その傍ら地域の青年たちに、俳句を披露し指導した。
俳句に興味があり学んでみたいという気のある者は自分の弟子にしていた。その数、十数人に及んでいたという。
併せて画の道も盛んで翌年には画会を開催し、その売上金を不動尊の改築の資金にと不動寺に寄付をしたこともあった。
彼に画の道の指導をしたのは、天竜龍山村の大石黄梅だった。きっかけはたまたま大蕪庵に画会開催のため立ち寄った時のことだ。
黄鶴が自分の植えた石楠花を縁側で画いていたら黄梅の眼にとまった。以来黄梅の手ほどきにより画に専念することが多くなったのだった。
おかげで画も売れて羽振りが良かった。
しかし、いいことは長続きしない。二年後には果樹栽培は儲からないと断念し、小松に瀬戸物店を開業した。その傍ら印刷を副業としていた。

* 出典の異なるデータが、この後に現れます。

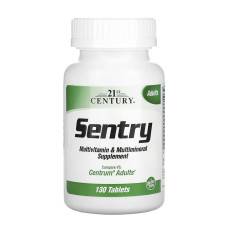 21st Century Sentry - 130 tabs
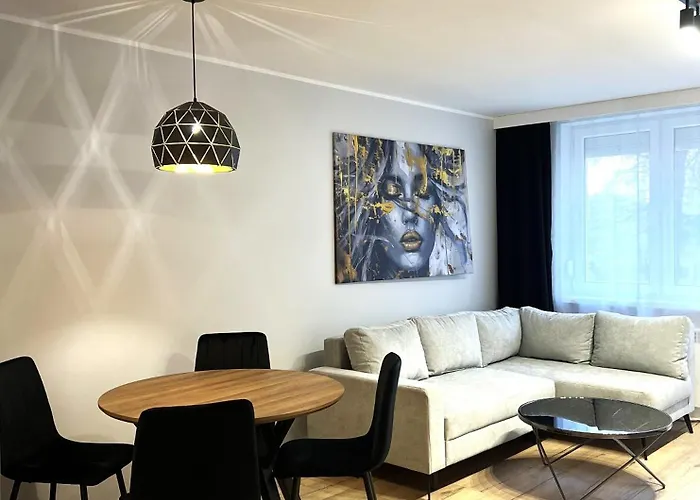 Apartmán Mia's Gdaňsk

「いらっしゃいませ。今日はこれがよく売れていますよ」
「そうですか。ご主人は店に出てこないけど、いかがですか」
俳句仲間の客に言われて、妻はむっとした表情を隠しながら
「印刷業もやっているものですから、そちらで仕事をしています」
妻が甲斐甲斐しく店先で客と対することで、商売はしだいに上向いていった。